The expression given requires the process of combining like terms to simplify it. When you are working with algebraic expressions, "like terms" are terms that have the same variable raised to the same power. For example, in our exercise, all parts of the expression ultimately relate to terms involving \(\sqrt[3]{2}\). This similarity allows us to combine them into a single term.

• First, identify the like terms. These are the terms that have the same root part. In the problem, after simplifying the radicals, each term shares \(\sqrt[3]{2}\).
• Next, add or subtract these like terms by combining their coefficients. In the problem, the coefficients 4, -3, and -12 can be combined, since the root is the same: \(4 \sqrt[3]{2} - 3 \sqrt[3]{2} - 12 \sqrt[3]{2} = -11 \sqrt[3]{2}\).

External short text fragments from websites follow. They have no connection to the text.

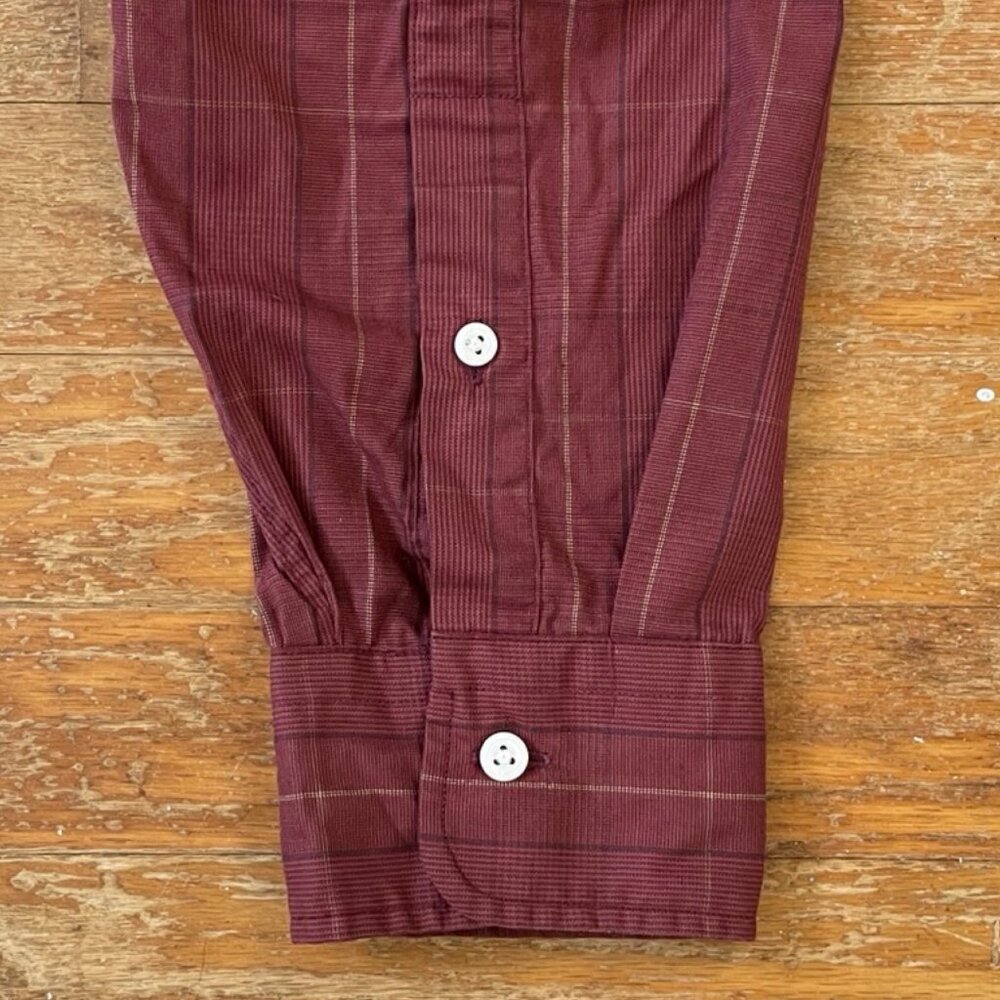 Vintage Burgundy Plaid Oxford Shirt Size Large 1970s Pima Cotton Blend Collared - Picture 4 of 4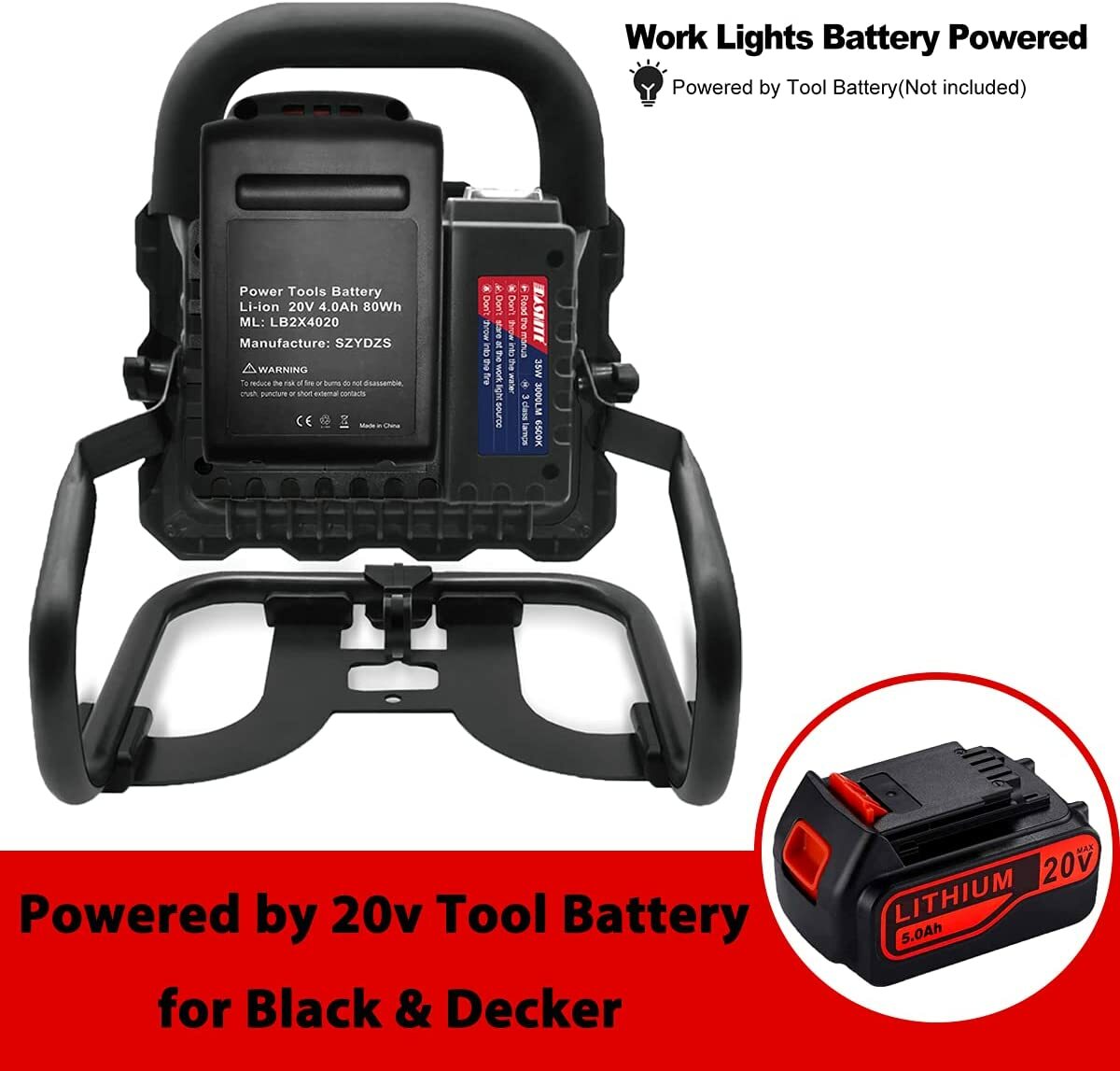 LED Work Light Power by Tool for LB2X4020 20v Battery Outdoor Bright Ligh 3000Lm gallery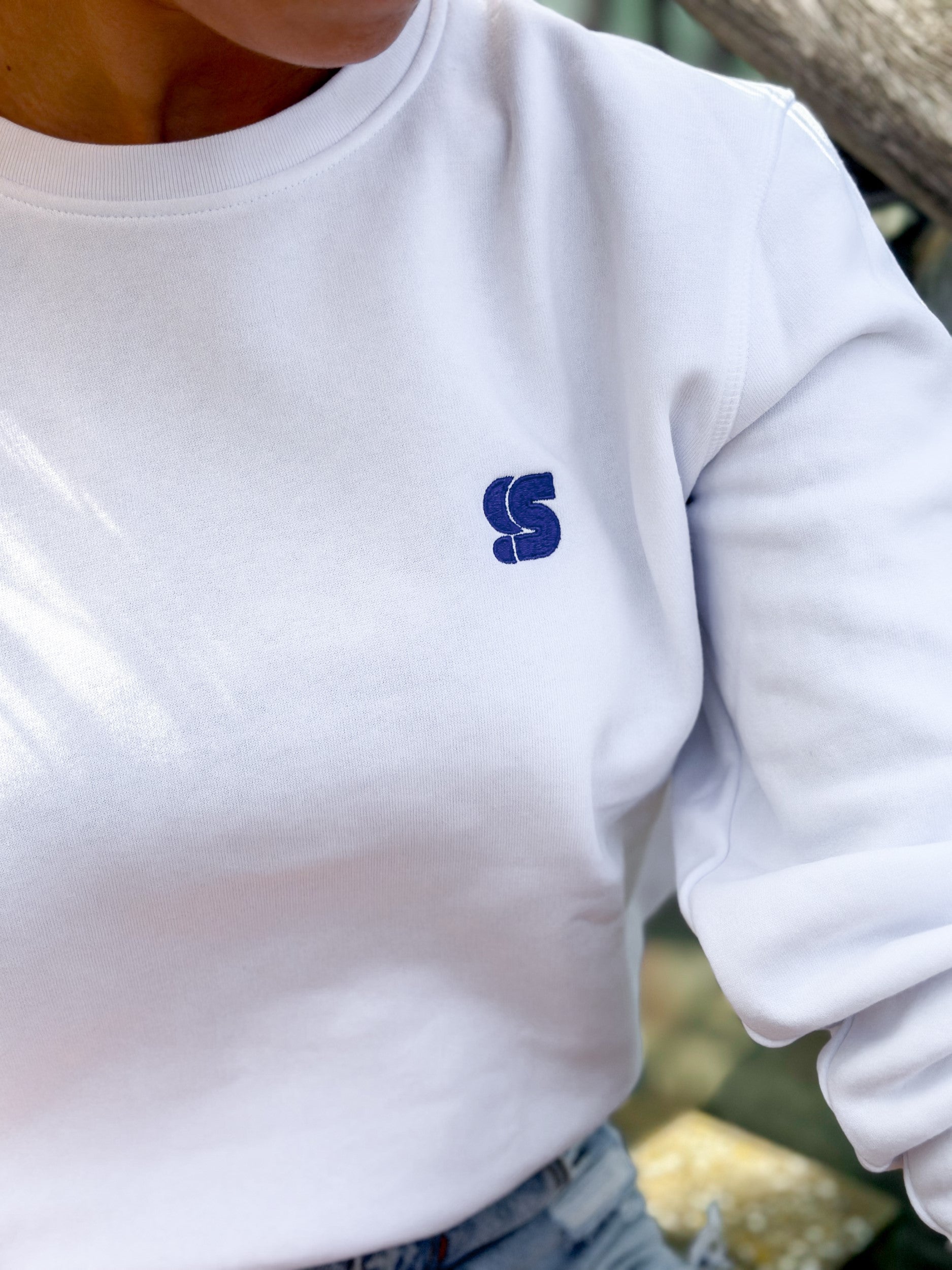 White Crew / S Logo Blue Embroidered Women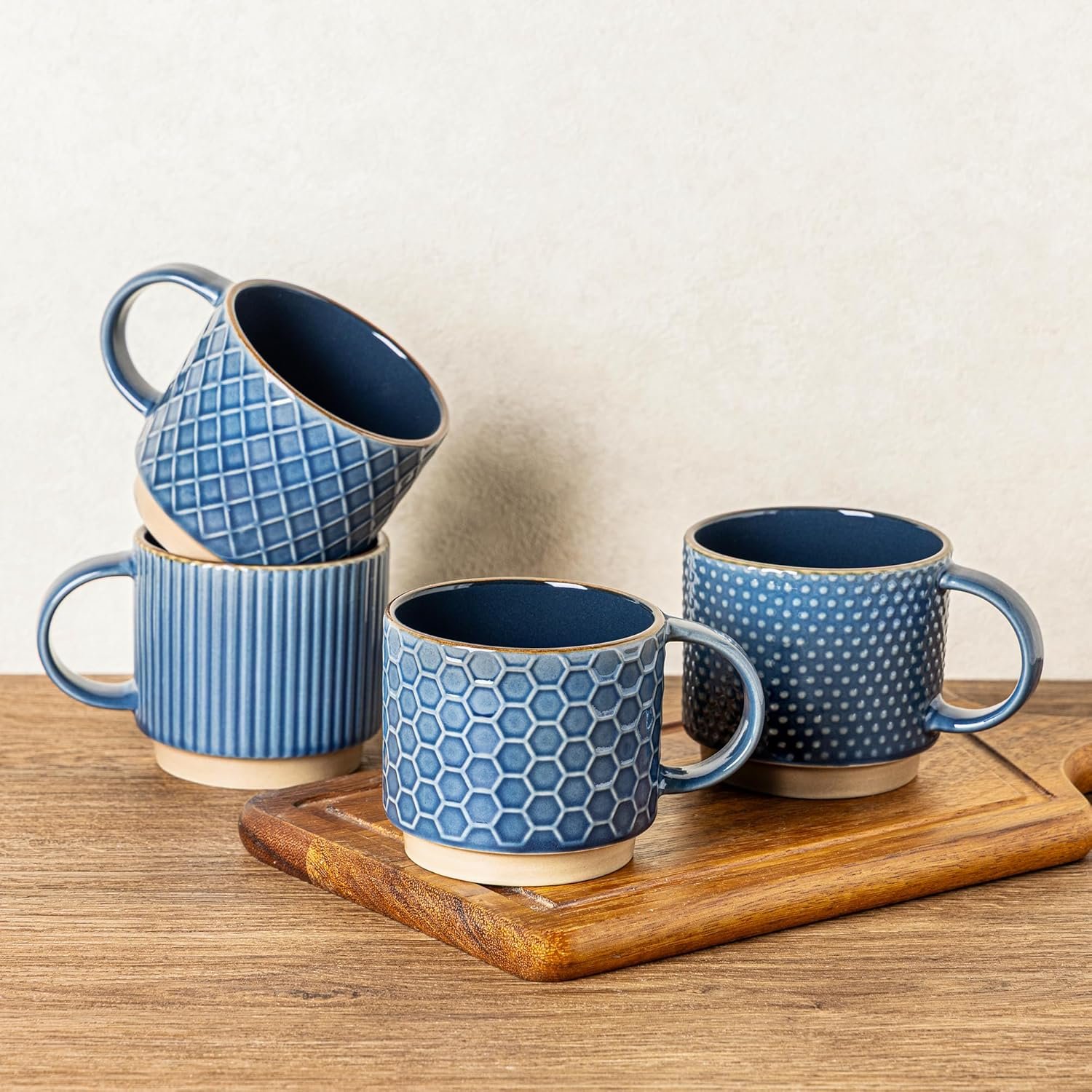 GBHOME 12 OZ Stackable Coffee Mugs, Ceramic Coffee Mugs with Texture Patterns for Man,Woman,Dad,Mom, Modern Coffee Cups Set of 4 for Latte/Cappuccino/Cocoa. Dishwasher&Microwave Safe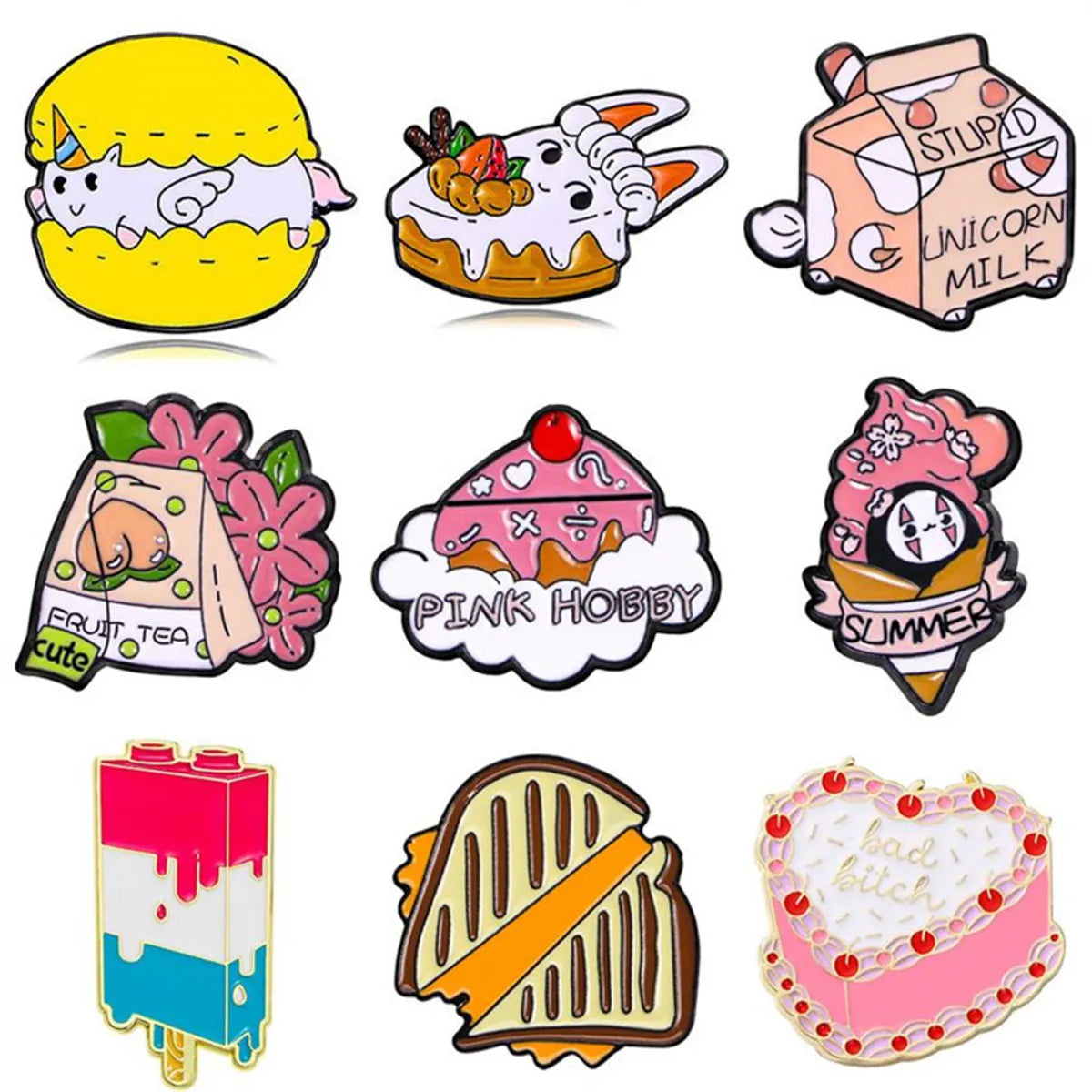 Cute Sweet Streetwear Ice Cream Animal Flower Alloy Stamping Stoving Varnish Plating Unisex Brooches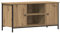vidaXL Modern Oak TV Stand - Solid Oak & Metal - Rectangular Media Console/TV Cabinet for Living Rooms - Stylish Artisan Oak Finish with Ample Storage - Easy Assembly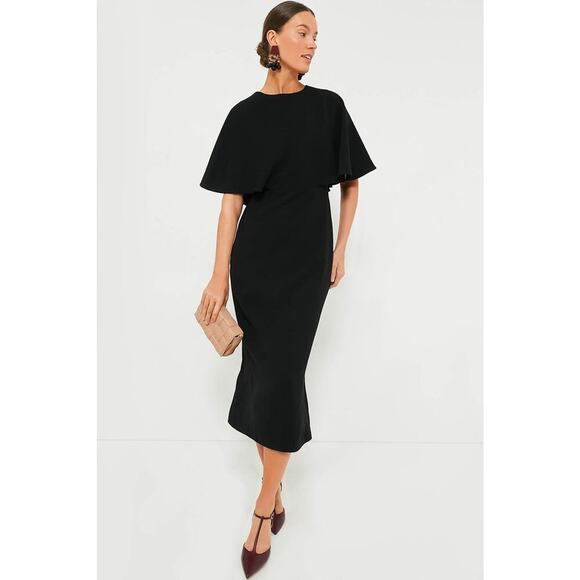 Tuckernuck Dresses & Skirts - Tuckernuck Black Midi Dress with Cape Sleeves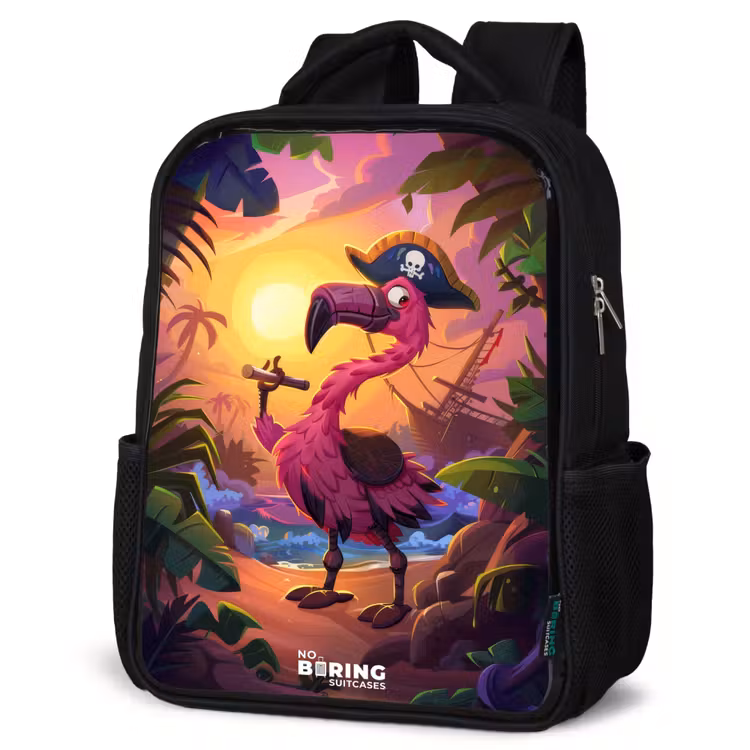 Kids backpack - Black - Pirate flamingo on a tropical pad — 4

This process simplifies the expression to its most straightforward form. Remember, combining like terms where the radicals are similar is crucial for simplifying radical expressions. This ensures that the term is expressed as neatly and simply as possible.

Cube roots are an essential concept in simplifying radical expressions, especially when dealing with expressions where the root is common among terms. In the exercise, we work with cube roots (\(\sqrt[3]{x}\)). Understanding these helps in breaking down complex numbers into more manageable forms.

• Cube root, denoted by \(\sqrt[3]{x}\), refers to a number which when multiplied by itself three times results in \(x\). For instance, \(\sqrt[3]{8} = 2\) because \(2 \times 2 \times 2 = 8\).
• In our exercise, recognizing cube roots helps in expressing powers of numbers and simplifying expressions. For example, \(\sqrt[3]{16} = 2\cdot\sqrt[3]{2}\), because \(16 = 2^4\) and \(\sqrt[3]{2^3 \times 2} = 2 \cdot \sqrt[3]{2}\).

Working with cube roots can unlock more straightforward versions of otherwise complex expressions. It's crucial to fully factor the number under the radical to employ cube roots effectively.

Radical expressions involve roots, such as square roots or cube roots. This concept is pivotal in simplifying expressions involving root calculations. In our exercise, the manipulating of cube roots to achieve like radicals was a critical procedure.

• To simplify a radical expression, write the number inside the radical as a product of its prime factors. For example, turning \(54\) into \(2 \times 3^3\).
• Extract the perfect powers from the radical. If it's a perfect cube, as \(3^3\) in \(\sqrt[3]{54}\), you extract \(3\).
• After breaking down the expression, like radicals can be simplified using combining like terms.

By working through these steps, radical expressions become less daunting and more approachable. It revolves around recognizing the components within a radical and manipulating them to simplify the expression efficiently.